Day 2. This morning is a typical Seattle rainy and overcast day yet very peaceful. It seems to reflect how I am feeling inside. After driving cross country 8 years ago, mom, Gerry a close family friend and I arrived in Seattle on May 1, 2003. On May 10th, Mother’s Day, mom died from metastatic breast cancer. I inherited the gene from her and was diagnosed 3 years after her cancer came back after 13 years. I am 11 years out, have been fearful it will return. In the meantime, I am dealing with the complications from the failed reconstructive surgery in 2000. There was a tremendous amount of scarring from the surgeries I had to endure in order to save my life. I was in constant pain. Mom’s death hit me like a lightniing bolt that pierced my soul leaving a large void in my heart. I was all alone. My best friend was gone and I felt it was all my fault. I suffered. My plans to start my new creative life had been shattered leaving shards in my heart that when brushed up against, the pain would cause me to subconsciously sabotage myself because I felt I wasn’t deserving of a new life.

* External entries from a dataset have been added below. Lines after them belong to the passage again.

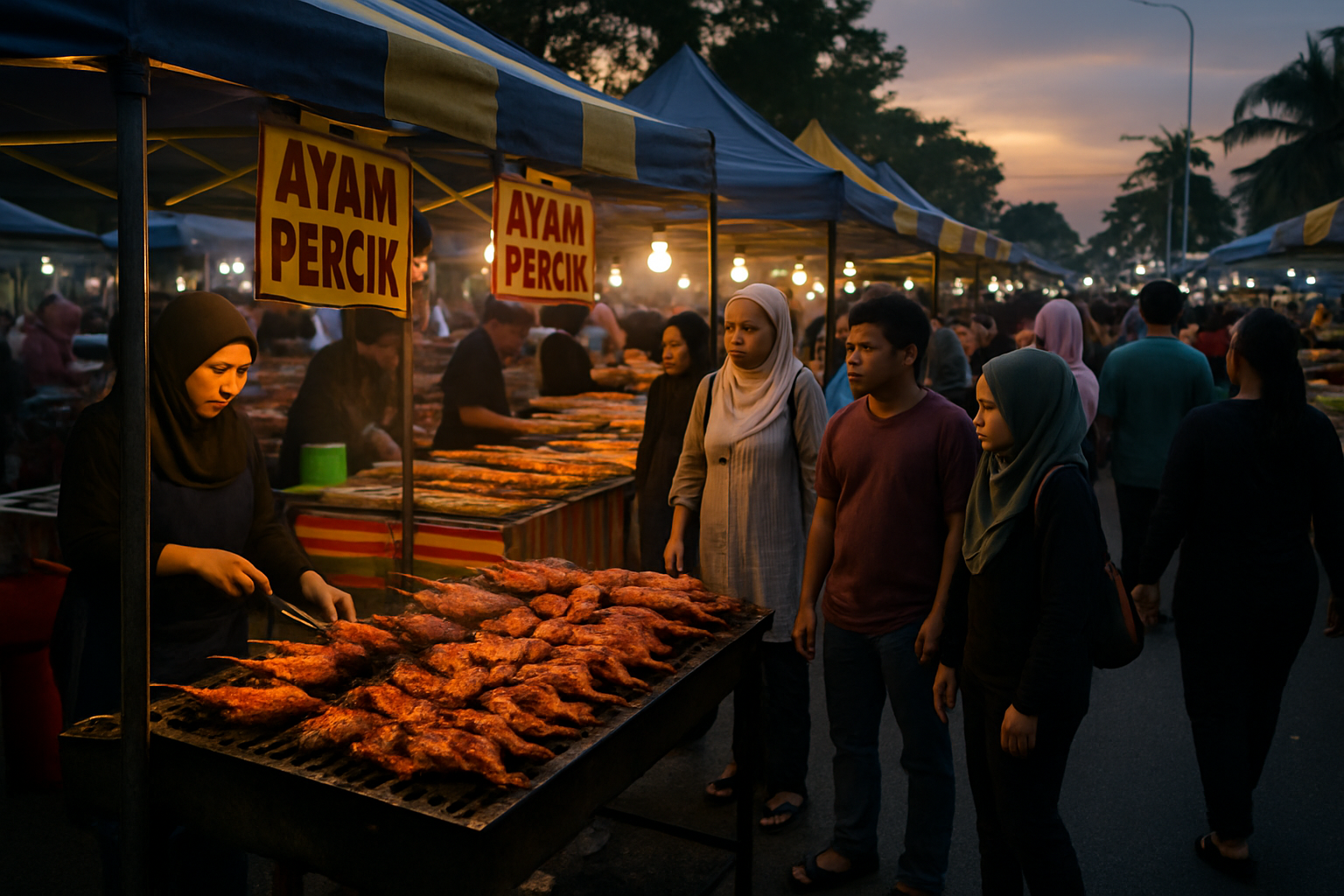 Malam Bazaar Buluh Kubu Kota Bharu night market food stalls ayam percik grilled chicken evening crowd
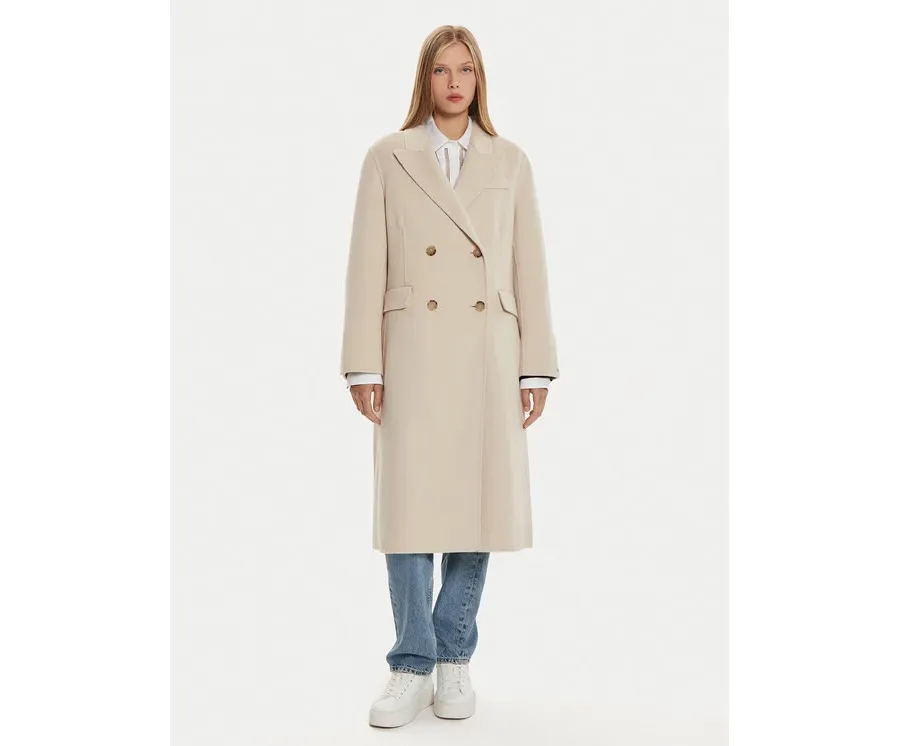 obrazek 1 Tommy Hilfiger Płaszcz wełniany WW0WW42621 Beżowy Regular Fit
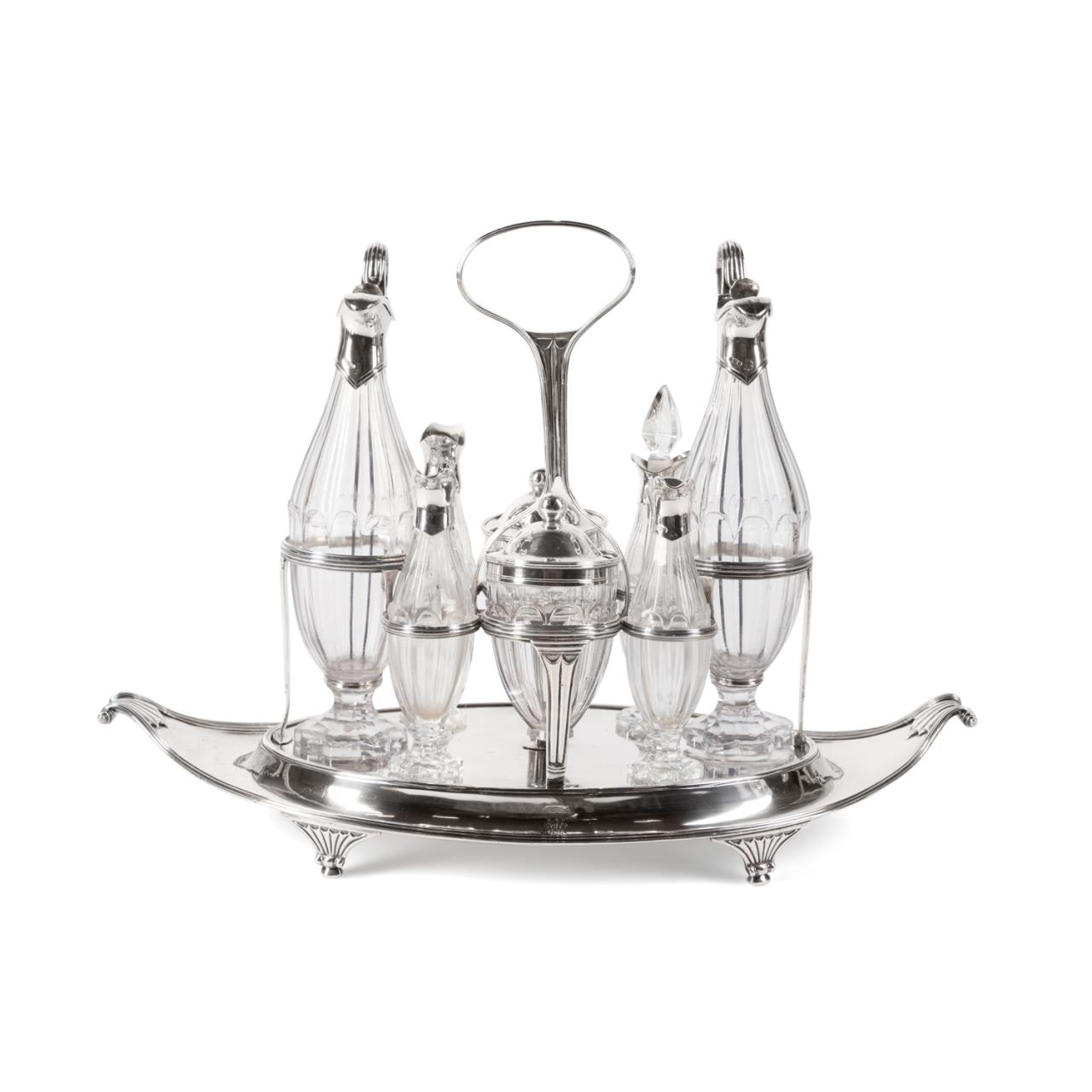 8PC GEORGE III SILVER & CUT GLASS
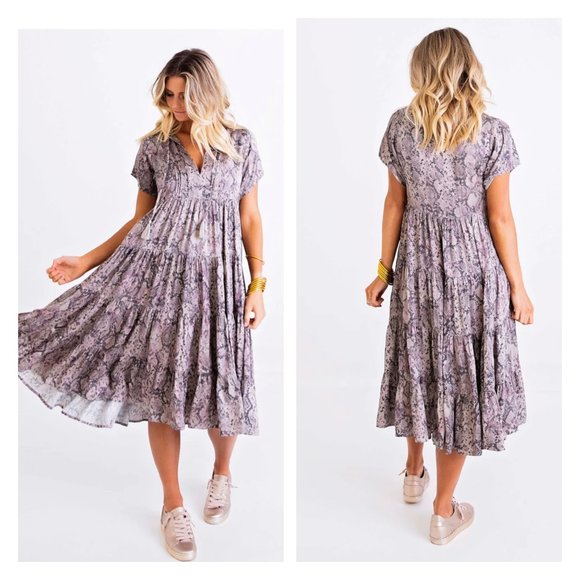 Karlie Dresses & Skirts - Karlie Snake Print Midi Boho Tier Dress Size Medium Satin Crochet Tassels J98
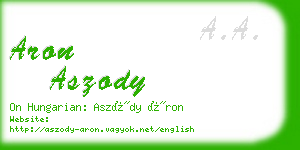 aron aszody business card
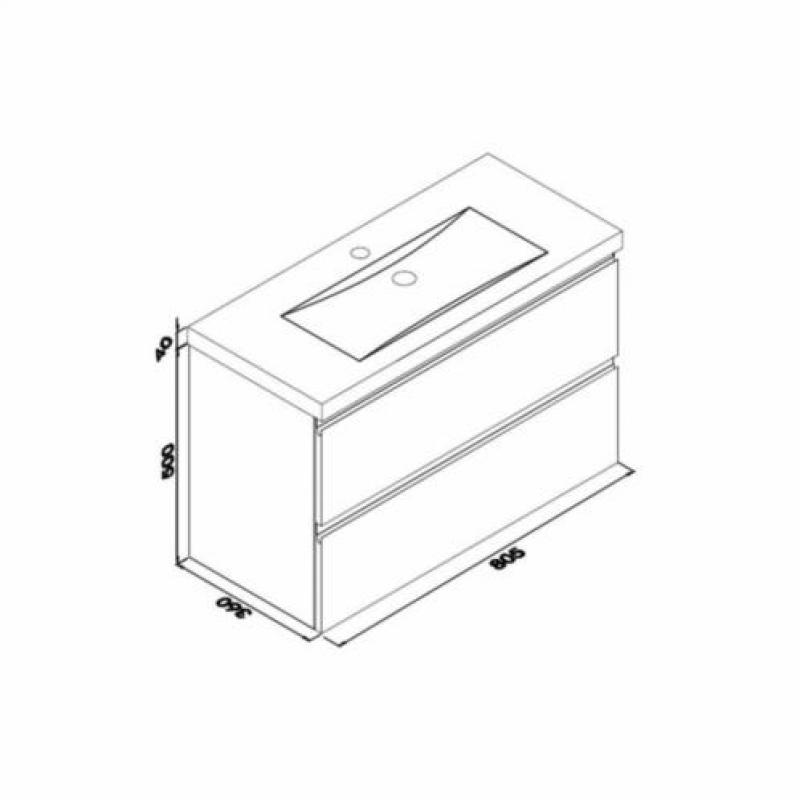 Badmeubel Set Extra Compact 80X36 Cm Hoogglans Wit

Adding insult to injury, mom’s birthday was May 25th. That date takes me back to 1994 when my dad had suffered a massive stroke in March and he was in NYU Hospital. He was in a coma for 6 weeks, I asked my brother to make a tape of his music and we played it constantly. When we first played it, he smiled. A few days later, he came out of the coma, but still could not speak because of the tracheostomy tube. We had to move him to a nursing home for rehab because he was paralyzed on his left side and could not walk. He wanted to come home, he made me promise. I did. We celebrated my mom’s birthday at the Home, we ordered his favorite Chinese food from a joint on Broadway near 106th Street. We had jello with whipped cream for dessert. Mom and I stayed until 9 that evening and went home. I lived in Washington Heights and mom and dad lived in Hackensack, New Jersey. My dad died 12:15 am on May 26th. He didn’t want to die on her birthday. I moved in with mom. She depended upon me to take over a lot of the things my dad did. I was frustrated and somewhat resentful and withdrawn. I felt as though I was giving up my life’s dream again.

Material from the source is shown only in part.